- The Washington Times - Thursday, February 6, 2003

WASHINGTON, Feb. 6 (UPI) — President George W. Bush challenged the United Nations Security Council on Thursday to back up its words with deeds in the showdown with Iraq if it wants to retain international credibility.

"The game is over," he said of Saddam Hussein's cat-and-mouse, hide-and-seek game with U.N. weapons inspectors searching for Iraq's weapons of mass destruction.

Saddam, he said, would continue with new ploys to stall and deceive the international community, but time for action had come.

"On Nov. 8th by demanding the immediate disarmament of Iraq, the United Nations Security Council spoke with clarity and authority," Bush said. "Now the Security Council must show whether its words have any meaning.
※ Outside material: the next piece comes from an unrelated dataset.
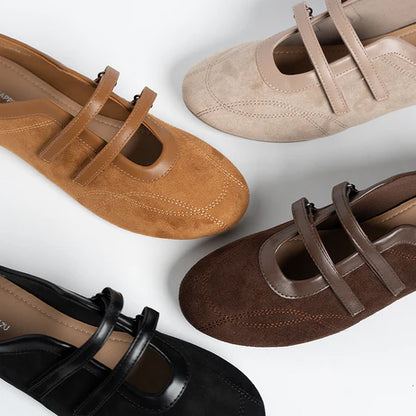 H2U Voline Suede Flats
Having made its demands, the Security Council must not back down when those demands are defied and mocked by a dictator."
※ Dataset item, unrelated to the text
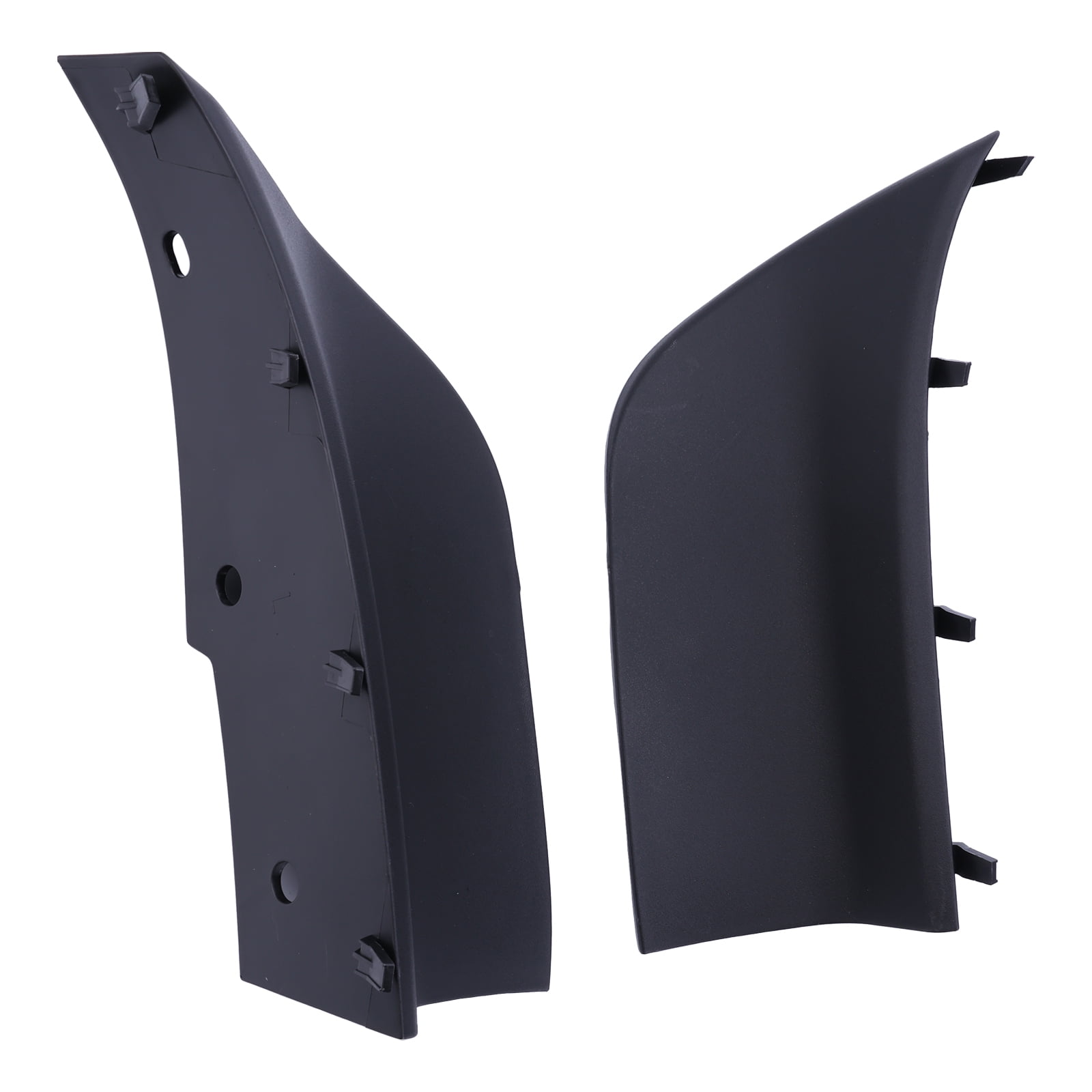 Zcargel Front Bumper Fascia Spat Pair for Jeep Grand Cherokee L 2021-2024 Replace 68421752AA 68421753AB ABS Plastic Aerodynamic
The United States argues that a new Security Council resolution is not needed to authorize force to disarm Iraq of weapons of mass destruction, but many other countries are pushing for such a resolution before committing themselves to action.
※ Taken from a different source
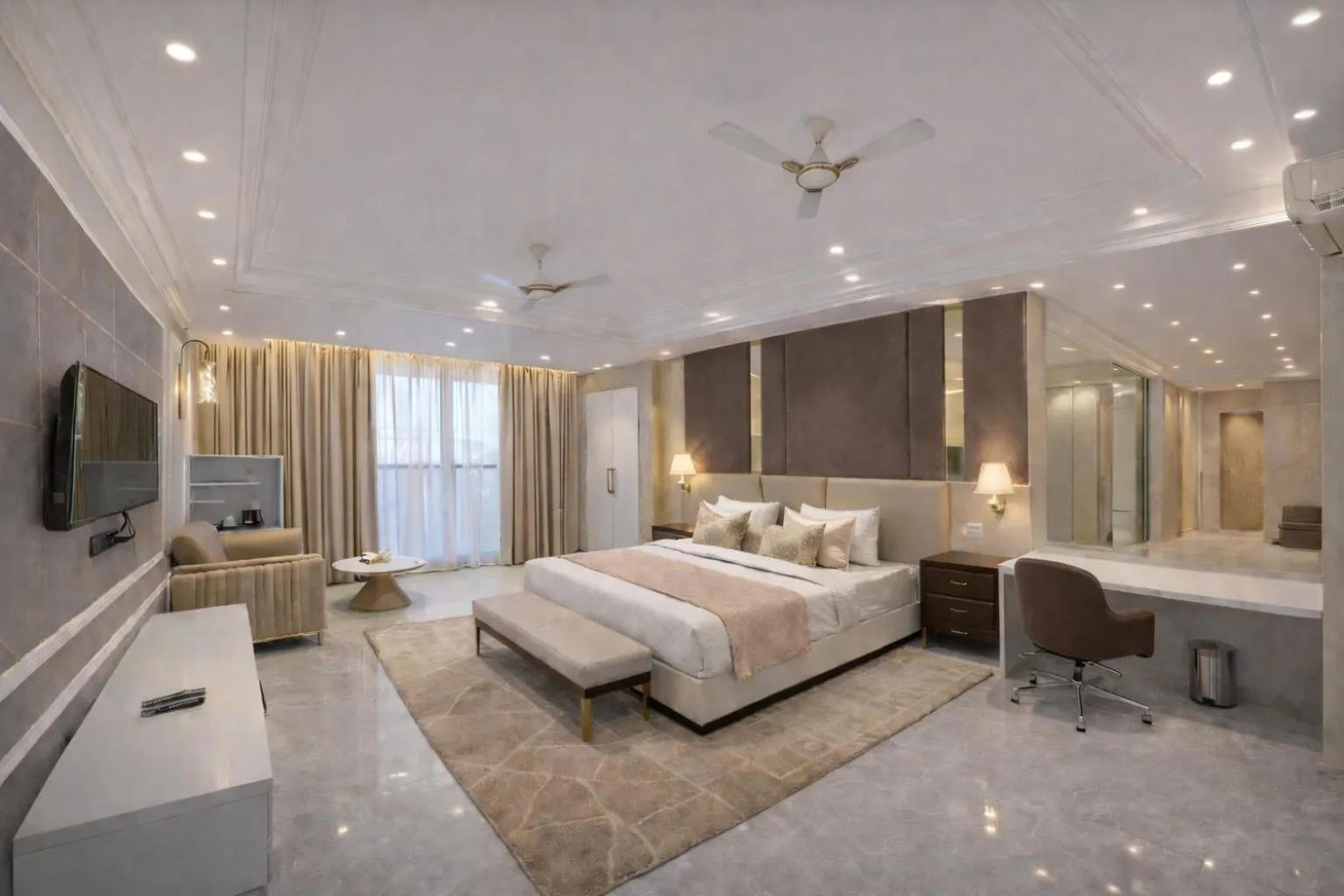 Photo of the whole room in Hotel Aroma Suites Delhi Airport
Bush said Thursday, "The United States would welcome and support a new resolution" that makes clear the Security Council stands behind its previous demands on Iraq.

"Yet resolution means little without resolve," Bush said. "And the United States, with a growing coalition of nations, is resolved to take whatever actions are necessary to defend ourselves and disarm the Iraqi regime."

In November, the 15-member council voted unanimously for Resolution 1441, which finds Iraq in material breach of earlier disarmament mandates and invokes unspecified "serious consequences" for any new failure to cooperate fully with weapons inspectors.

A preliminary report by U.N. chief inspector Hans Blix said full cooperation with inspectors, who returned to Iraq two months ago after a four-year hiatus, was not being given. Nor had Iraq accounted for chemical and biological weapons it was known to have at the end of the 1990s.

In addition, Iraq was shown to have imported military items prohibited by earlier U.N. mandates.

"Saddam Hussein was given a final chance — he is throwing that chance away," Bush said. "The dictator of Iraq is making his choice. Now the nations of the Security Council must make their own."

Bush appeared Thursday in the Roosevelt Room of the White House with Secretary of State Colin Powell, who had earlier testified on Capitol Hill.

Bush virtually repeated the charges made by Powell against Iraq on Wednesday, during a dramatic appearance before the Security Council.

The president also added that intelligence showed that Saddam had given Iraqi field commanders permission to use chemical agents against U.S. and other troops if they entered Iraq to force disarmament.

"The danger Saddam Hussein poses reaches across the world," Bush said.

The president's remarks were part of a full diplomatic push against Iraq.

The White House said the offensive, described earlier as the "final phase" of diplomacy, would feature heightened government-to-government contacts, as well as high-level ones between administration officials and foreign representatives and telephone calls by Bush.

"I think the president would hope that a diplomatic solution can be found," White House spokesman Ari Fleischer said. "The question is, if Saddam Hussein is not willing to be a partner to a diplomatic solution, does the world sit by and do nothing as Saddam Hussein continues to arm up and develop weapons, which as we saw from the secretary's presentation yesterday, involves some of the most horrible chemical and biological weapons that mankind could ever imagine.

"The president is continuing through the secretary of state and through his own efforts to consult with friends and allies around the world about what course should come next. And the consultation process continues."

Powell, in the riveting show-and-tell appearance Wednesday before the Security Council, presented satellite photographs and audiotaped conversation among Iraqi military officers to buttress Washington's contention that Iraq possesses proscribed chemical and biological weapons and is hiding them from international inspectors.

The United States says Iraq is in violation of Resolution 1441 and that if it doesn't reverse course, a military expedition would be necessary to blunt a grave and growing threat to U.S. national security and world peace.

Many of America's Western European allies — Germany and France, for example — oppose force and want inspectors to continue indefinitely.

Blix is expected to give a new report to the Security Council next week.

Also against military action are Russia and China, who with France hold veto power on the council, which could thwart any U.S. hopes of gaining a new resolution specifically authorizing the use of force.

The post-Powell diplomatic offensive also coincides with the Army's elite 101st Airborne Division receiving orders to deploy to the Gulf from their base in Kentucky.

The 101st troops will join more than 100,000 others either already in the region or on their way to force disarmament if necessary.

Fleischer, when asked earlier why Washington continues to deal with the United Nations over Iraq given Saddam's continued defiance of its wishes, said Bush believes it important that international organizations dedicated to non-proliferation of weapons and peace enforce their mandates to remain a viable institution.

" … he believes they have to have teeth, they have to have a way to enforce what they say," Fleischer said. "Otherwise they quickly become irrelevant in the reality of the world."

Following Powell's presentation Wednesday, 10 East European countries issued a joint statement supporting the United States in its position on Iraq. Italy, Spain, Portugal and a number of others also support the U.S. position.